■ TRY IT
Repeat, exactly as written, the lines from the one with "Dessin chevaux cabrés" to the final line of the listing, and keep every picture out.

■ AVAILABLE DATA
══════

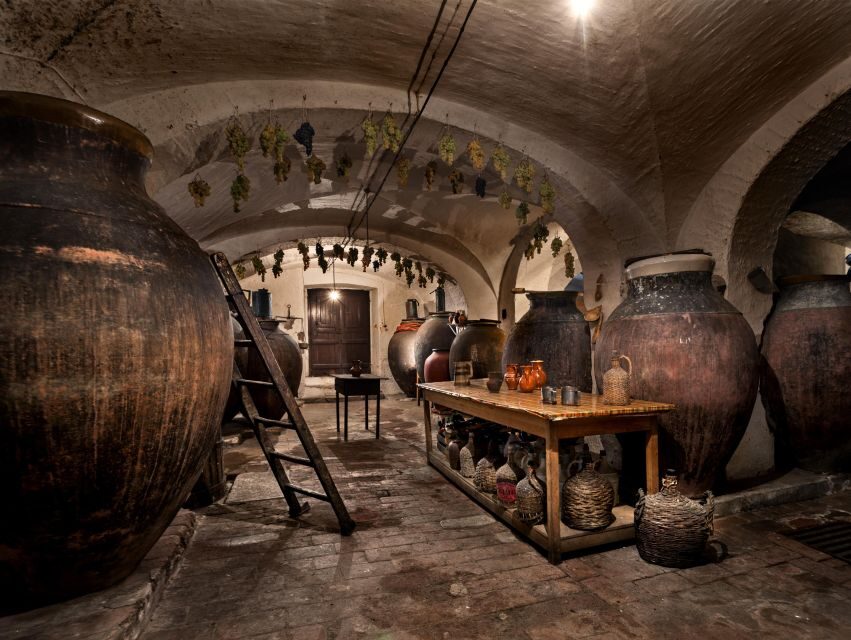 Alentejo: Visit and Taste the tradition of Talha Wines - Final Thoughts: Is This Tour for You?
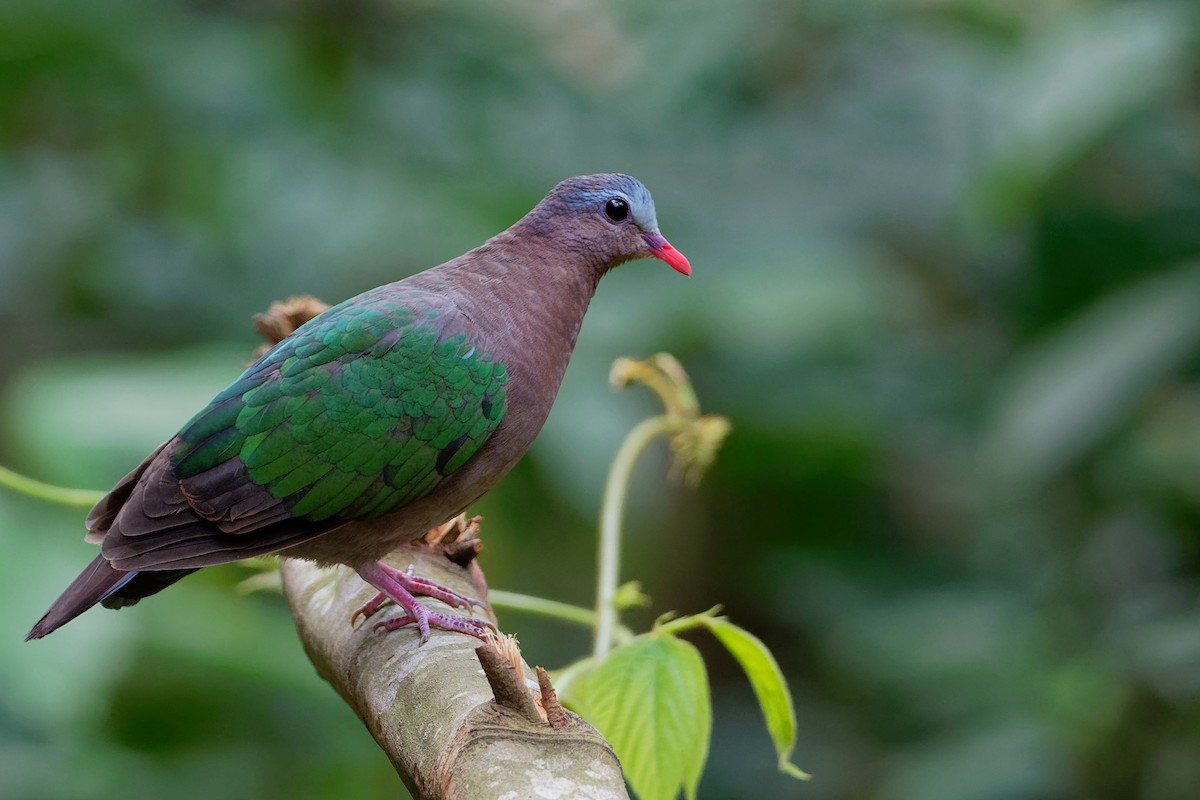 Asian Emerald Dove - Vincent Wang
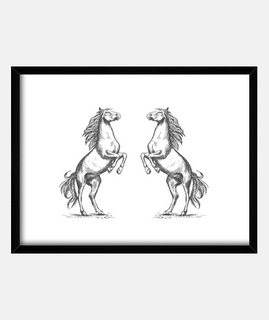 Dessin chevaux cabrés 2 poney t-shirt équitation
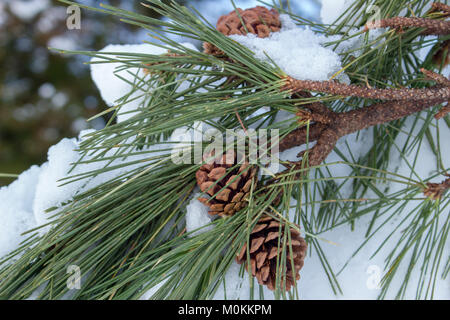 23 Jan 2018, Japan,  Japanese Red Pine Tree Branch with leaves and cones (Conifer Cone) covered in the morning on snowy day. Stock Photo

══════

■ REPLY TO THE TASK
 Dessin chevaux cabrés 2 poney t-shirt équitation
 23 Jan 2018, Japan,  Japanese Red Pine Tree Branch with leaves and cones (Conifer Cone) covered in the morning on snowy day. Stock Photo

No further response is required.